Location
- Country: United States
- State: New Hampshire
- County: Cheshire
- Towns: Chesterfield, Westmoreland

Physical characteristics
- Source: Spofford Lake
- • location: Spofford
- • coordinates: 42°54′32″N 72°25′30″W﻿ / ﻿42.90889°N 72.42500°W
- • elevation: 715 ft (218 m)
- Mouth: Connecticut River
- • location: Westmoreland
- • coordinates: 42°58′34″N 72°27′57″W﻿ / ﻿42.97611°N 72.46583°W
- • elevation: 226 ft (69 m)
- Length: 7.5 mi (12.1 km)

Basin features
- • right: Glebe Brook

= Partridge Brook =

Partridge Brook is a 7.5 mi stream located in southwestern New Hampshire in the United States.
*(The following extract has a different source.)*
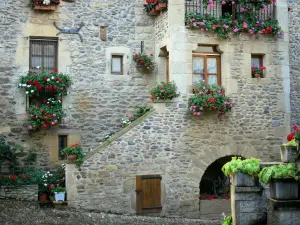 Sainte-Eulalie-d'Olt - Casa di pietra finestre decorate con fiori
It is a tributary of the Connecticut River, which flows to Long Island Sound.

Partridge Brook begins at the outlet of Spofford Lake at Spofford village in the town of Chesterfield, New Hampshire. The brook flows east, then north, then northwest, into the town of Westmoreland, before reaching the Connecticut River.

In Westmoreland, the brook is subject to New Hampshire's Comprehensive Shoreland Protection Act.